Calendars, holidays and day-of-week names tend to be things I enjoy researching and playing with, and don’t end up using in the actual story that much. It’s not really relevant for the readers of my Star Master books to know that the humans, like their ancient Egyptian forebears, only recognize three seasons in the standard calendar.
In ‘Texas at the Coronation’ I briefly mentioned the Congress Avenue Independence Day Parade. This would have been for Texas Independence Day, March 2nd. Texas also rarely misses a chance for a good party, so they celebrate many of their sub-culture’s holidays.
For what it’s worth, St. Denys (or Dennis, or Dionysius) is one of the “14 Holy Martyrs,” and is feted on either the 3d or 9th of October (depending on whether one uses a Roman or an Orthodox feast calendar). And the only Holidays I know of that aren’t for some sort of party are Ramadan, Yom Kippur, and Lent. (Data on St.

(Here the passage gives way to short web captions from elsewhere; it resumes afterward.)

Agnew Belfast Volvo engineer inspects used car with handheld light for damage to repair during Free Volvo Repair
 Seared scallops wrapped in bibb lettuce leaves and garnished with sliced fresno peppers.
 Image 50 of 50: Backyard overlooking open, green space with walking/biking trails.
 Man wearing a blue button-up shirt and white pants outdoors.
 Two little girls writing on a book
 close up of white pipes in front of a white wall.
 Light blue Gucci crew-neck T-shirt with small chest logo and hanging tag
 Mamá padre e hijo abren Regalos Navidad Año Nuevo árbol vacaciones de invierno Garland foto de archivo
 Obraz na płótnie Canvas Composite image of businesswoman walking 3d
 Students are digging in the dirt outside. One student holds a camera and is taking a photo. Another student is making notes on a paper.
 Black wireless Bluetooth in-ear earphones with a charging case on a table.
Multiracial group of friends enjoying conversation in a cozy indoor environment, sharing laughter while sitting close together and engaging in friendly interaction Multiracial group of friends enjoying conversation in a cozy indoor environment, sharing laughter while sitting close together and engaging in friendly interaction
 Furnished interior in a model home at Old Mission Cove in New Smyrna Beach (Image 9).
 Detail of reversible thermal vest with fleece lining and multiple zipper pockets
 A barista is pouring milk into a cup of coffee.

Denys from https://www.britannica.com/biography/Saint-Denis).
So either the arrival was in autumn or in the southern hemisphere.
The one Invented Holiday I’ve used in my stories was a sort of leap-day called a Saturnalis for Titan, as its orbit of Saturn is 15 days, 22 hrs: every 192 days (12 “hexads” or orbits) a “free” day is inserted to reset the week, and it’s given the name of whichever weekday just finished. In the story, the characters got two Mondays in a row, though one of them is Christmas (according to the Earth’s calendar, UTC). If there’s a plausible way to convert to/from a known calendar, why not do so?
Good Friday. Which is not part of Lent but part of the Triduum, the shortest ecclesial season of the year.
I plead Calvinism: aside from Advent, Christmas, and Easter … and Reformation Sunday (that sabbath nearest to All Hallows Eve, to commemorate the Wittenburg Door event in 1517) … we Presbyterians get our Liturgical Calendars second-hand.
I once sang at what we in the choir jokingly called (far, far away from the minister and certain elders) a “high church Presbyterian” church. They actually followed the Episcopalian liturgical calendar, minus anything Marian. Nice folks who did lots of community service, great music, decent preaching.